### TASK MATERIAL
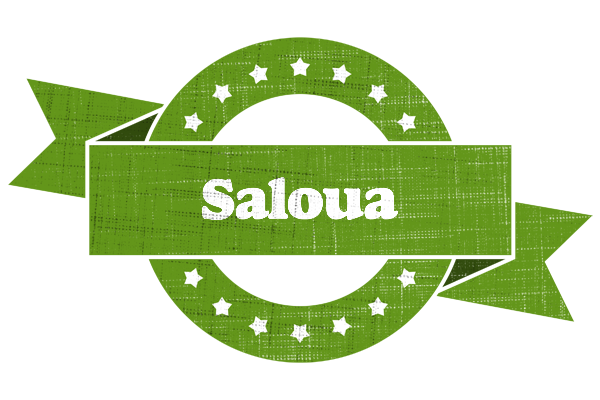Saloua natural logo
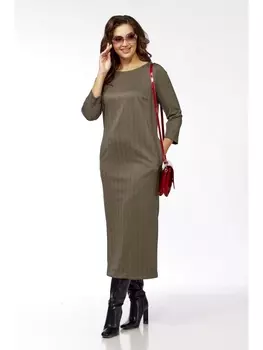 Платье 2428 бежевый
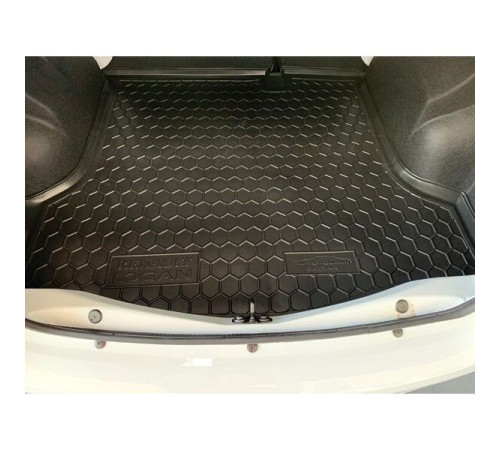 Килимок в багажник Renault Logan II 2012-2020 (Avto-Gumm)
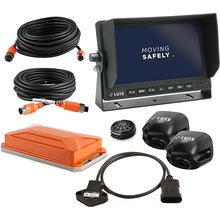 PRO7.0, 7", w. steering angle sensor, w. GPS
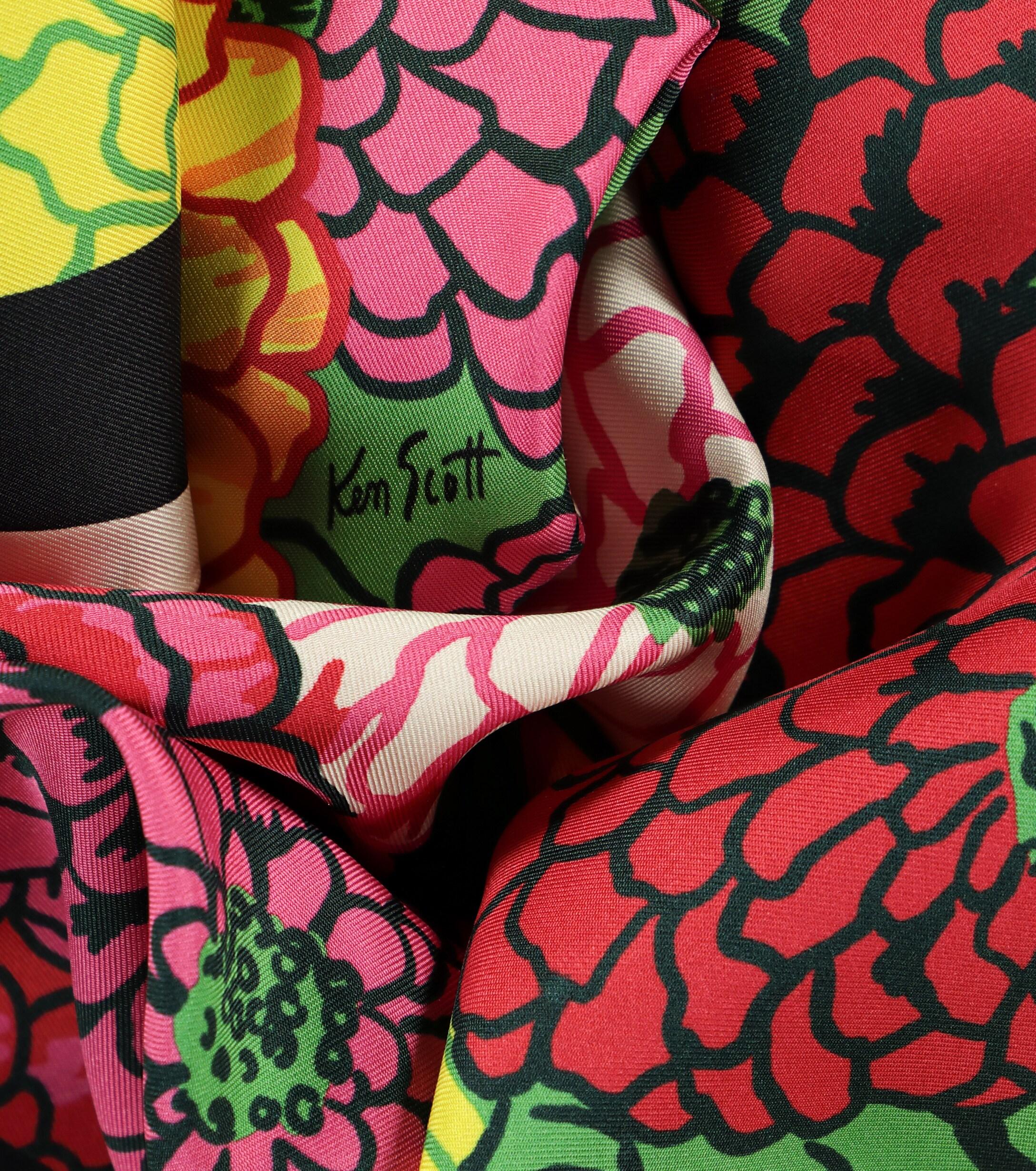 Women's Gucci X Ken Scott Pursuit Floral Print Slide Sandal - Editorialist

### WHAT IS NEEDED
Copy, exactly and exclusively, the lines beginning with the one that contains "sensor, w. GPS" and ending with the last line of the listing; pictures are to be omitted.

### SOLUTION
 PRO7.0, 7", w. steering angle sensor, w. GPS
 Women's Gucci X Ken Scott Pursuit Floral Print Slide Sandal - Editorialist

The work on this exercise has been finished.